In a presentation made to members of the Canadian Bar Association Tax Subsection in November of 2011, the CRA provided statistics and information on the application of third-party advisor penalties under section 163.2 of the Income Tax Act.  Six categories of false statements were presented as of interest to the CRA for the purposes of the section:

  1. Fictitious expenses/amounts
  2. Appropriation of funds and invalid journal entries
  3. Donation arrangements
  4. RRSP strips
  5. Valuation misrepresentations
  6. SR&ED claims

At the time (the CRA’s stats dating to September 2011), only three of the 52 cases assessed by the CRA had proceeded through the Appeals Division to the Tax Court of Canada, and no appeals had yet been decided.  The first judgment of the Tax Court on section 163.2 was recently released on October 2, 2012 (Guindon v. The Queen, 2012 TCC 287).

In Guindon, the court conducted a constitutional analysis of s.163.2 and concluded that the section should be considered as  criminal offence rather than a civil proceeding. Though the court did not elaborate, the court in Guindon acknowledged that this conclusion has “far-reaching consequences” in that the conclusion requires that Charter of Rights protections are engaged in s.163.2 proceedings.

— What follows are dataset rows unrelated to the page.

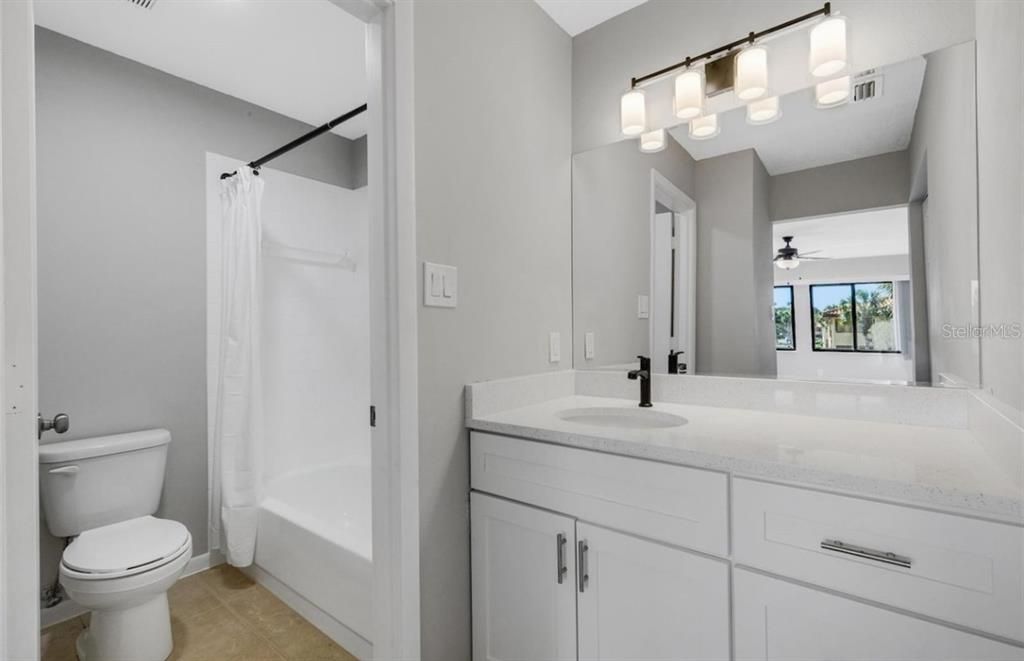 For Rent: $1,900 (2 beds, 2 baths, 1145 Square Feet)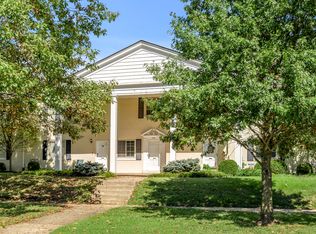 1149 Cooper Dr, Lexington, KY 40502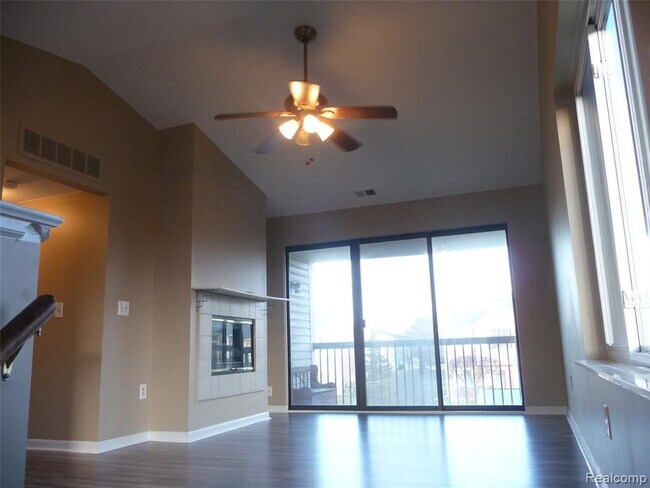 Building Photo - 30631 Hidden Pines Ln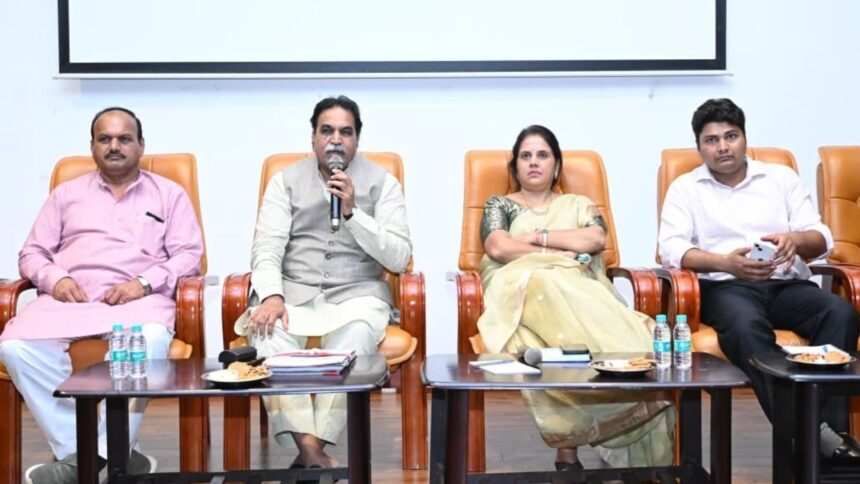 Raipur : रायपुर पश्चिम में विकास की नई पहल, विधायक मूणत ने पायलट प्रोजेक्ट के रूप में पेश किया एक्शन प्लान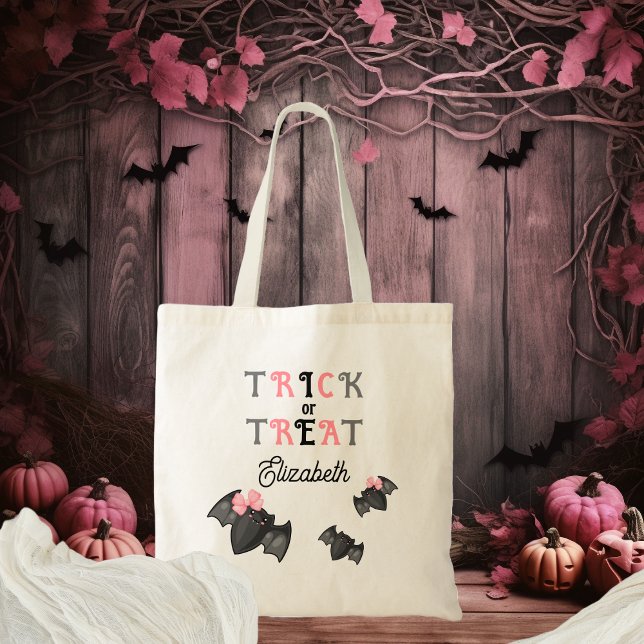 Bolso De Tela Cute Bats Coquette Bows Trick o Trate Halloween (Cute Bats Trick or Treat Halloween Tote Bag in Pink, Gray and Black)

The Guindon decision has far reaching consequences for those who may be subject to third party penalty proceedings.  More particularly professional advisors must give careful consideration to the decision before giving advice upon the defence against third party penalty proceedings.  To ensure that all available defences are used to object to these proceedings and to defend against the severe penalties that may flow from these proceedings, it is necessary to carefully determine which Charter of Rights protections are engaged and how best to advance a defence through those protections.